What the task asks → For the records below, print the lines from the line with "SCAUN DE TERASA" through the line with "Plaid Button Down Shirt Jacket" exactly as written; include both end lines and exclude the rest.

Materials provided →
--- START ---

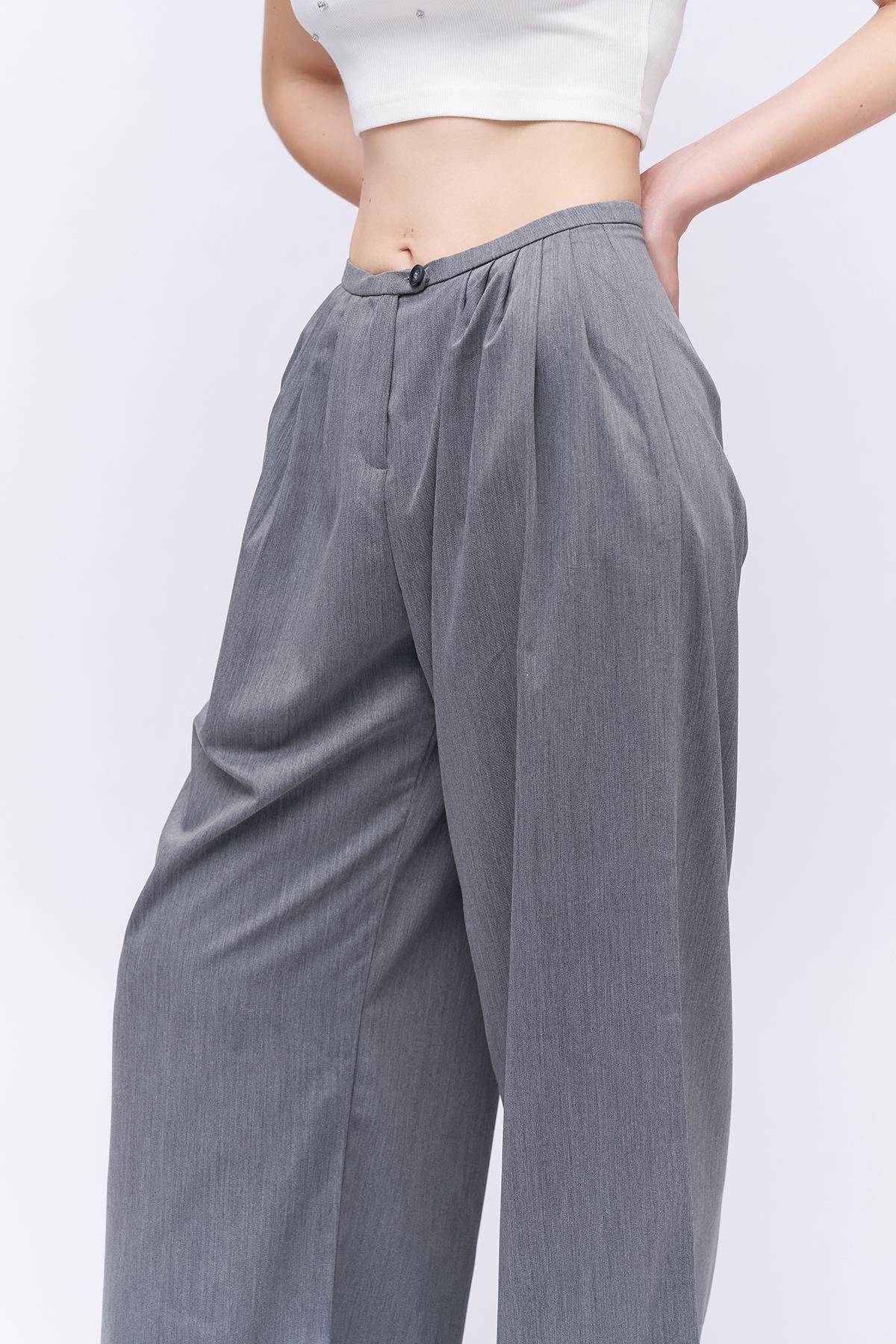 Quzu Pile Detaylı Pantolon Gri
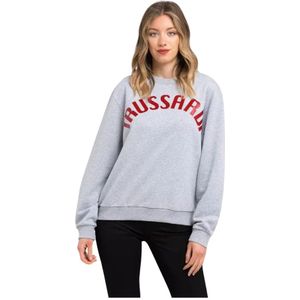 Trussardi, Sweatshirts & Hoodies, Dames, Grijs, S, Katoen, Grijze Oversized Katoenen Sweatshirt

--- END ---
--- START ---

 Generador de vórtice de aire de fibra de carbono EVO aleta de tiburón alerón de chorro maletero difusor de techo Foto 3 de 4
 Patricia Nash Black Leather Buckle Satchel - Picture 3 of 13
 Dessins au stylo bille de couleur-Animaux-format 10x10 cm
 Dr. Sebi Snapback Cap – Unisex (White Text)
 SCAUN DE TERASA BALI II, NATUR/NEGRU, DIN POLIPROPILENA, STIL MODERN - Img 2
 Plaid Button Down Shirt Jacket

--- END ---

Answer for the task →
 SCAUN DE TERASA BALI II, NATUR/NEGRU, DIN POLIPROPILENA, STIL MODERN - Img 2
 Plaid Button Down Shirt Jacket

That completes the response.